Most in utero opioid-exposed babies born at CHaD are to mothers with a history of addiction and who are already in treatment programs. A newborn’s dependence on the drug continues, and because the substance is no longer available the baby shows symptoms of withdrawal—including trembling, excessive crying, and sleep problems—making care a challenge. Initial treatment focuses on parents nurturing, holding, and comforting their newborn. And because cuddled babies thrive, a volunteer cuddler program of community members keeps the babies comfortable while their parents receive treatment.
Another integral component of the hospital’s quality improvement initiative included prenatal education for pregnant women being treated for opioid-dependence with a medication called buprenorphine or methadone. To guide these women and their families in caring for their newborns, both in the hospital and once they returned home, Bonny Whalen, MD, an assistant professor of pediatrics and newborn nursery medical director at CHaD, created educational modules and resources for pregnant women being cared for at the Dartmouth-Hitchcock Perinatal Addiction Treatment Program.
During her group prenatal visits with expectant mothers, Whalen taught them how to prepare for birth, helped them understand what to expect once their babies were delivered, and showed them how to care and comfort their newborns. She also provided this education for expectant mothers at HabitOPCO, a treatment center in West Lebanon, NH, which includes both buprenorphine and methadone treatment for opioid-dependency.
“Working with these women has been one of the most rewarding parts of my clinical practice. These women/mothers are incredibly invested in making sure their babies do as well as they can,” Whalen says. “They feel guilty that their baby may suffer from withdrawal as a result of their needing to be on one of these medications, and they want to do all they can to make sure their baby is as comfortable as possible.”

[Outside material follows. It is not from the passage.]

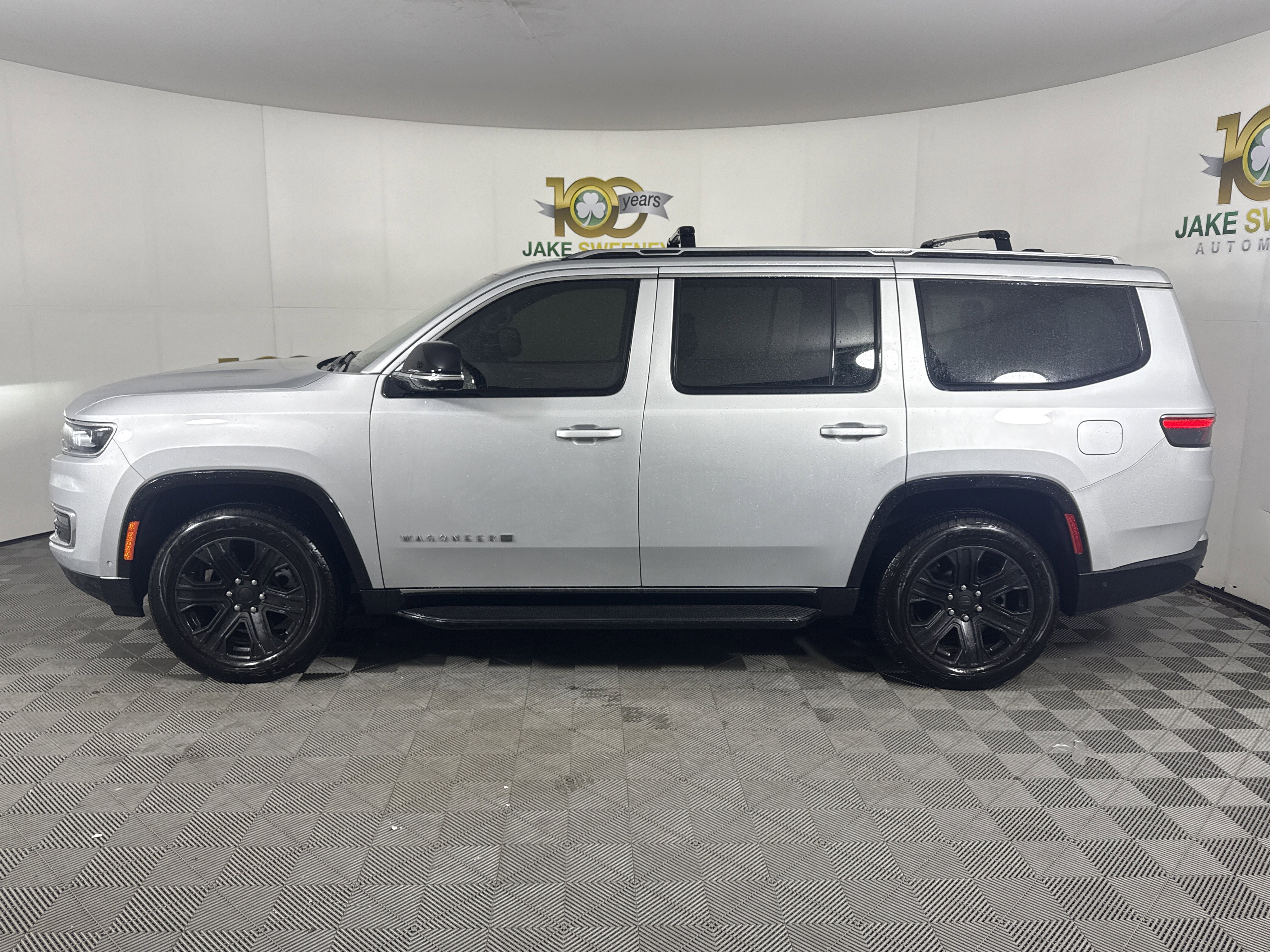 New 2025 Jeep Wagoneer 4WD w/ Convenience Group I image 5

If comfort measures prove to be inadequate for the management of NAS, an at-risk infant is then treated with morphine, an opioid medication, which leads to a longer hospital stay. Under the new protocols, infants who do not require critical care are able to stay with their mothers in the mother/baby unit or on the Pediatrics Unit if they require treatment, Holmes explains. Infants are transferred to the NICU only if they have an illness or condition requiring a higher level of care than can be provided for in the mother/baby or Pediatrics unit, Whalen notes.

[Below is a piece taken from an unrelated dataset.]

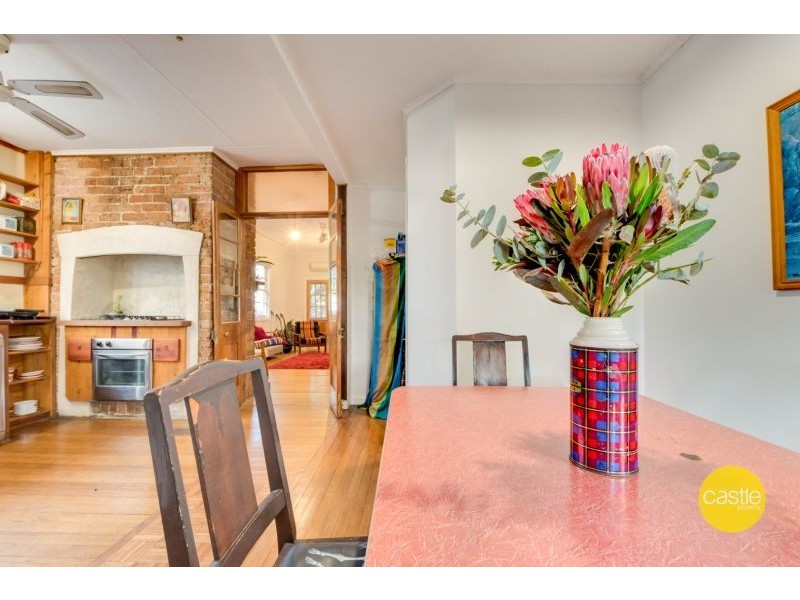 2 Cameron St, Hamilton NSW 2303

“Educating moms during pregnancy that staying with their babies at all times—or having someone else available to do so if they need to leave their room for any reason—helps reduce the risk of needing treatment for NAS and has helped ensure the success of our program. It has also contributed to the improved outcomes we’ve seen,” Whalen says.
Published averages for length of stay for NAS nationally are closer to a full month—usually in a NICU at significant expense, and in an environment where parents can’t generally live with their newborns during that critical time. As there were no adverse events during the project over two years, Holmes says they are hopeful that other centers will adopt this safe, family-centered, rooming-in model of care. If adopted nationally, it could potentially free up a significant number of NICU beds and lead to tremendous cost savings, while simultaneously improving the family experience of care.
We engaged families in the improvement process, we increased family preparation for and involvement in care, and we trained our clinical teams to better serve those struggling with addiction, Whalen says.
“I learned so much about the quality improvement process by working with a remarkable team of nurses, social workers, residents, undergraduates, and especially under the guidance of my mentors Dr. Alison Holmes and Dr. Bonny Whalen,” Atwood says. “I feel that Dartmouth is a really special place when it comes to prioritizing family-centered care, and I know that I’ll take these lessons with me in my future career in pediatrics.”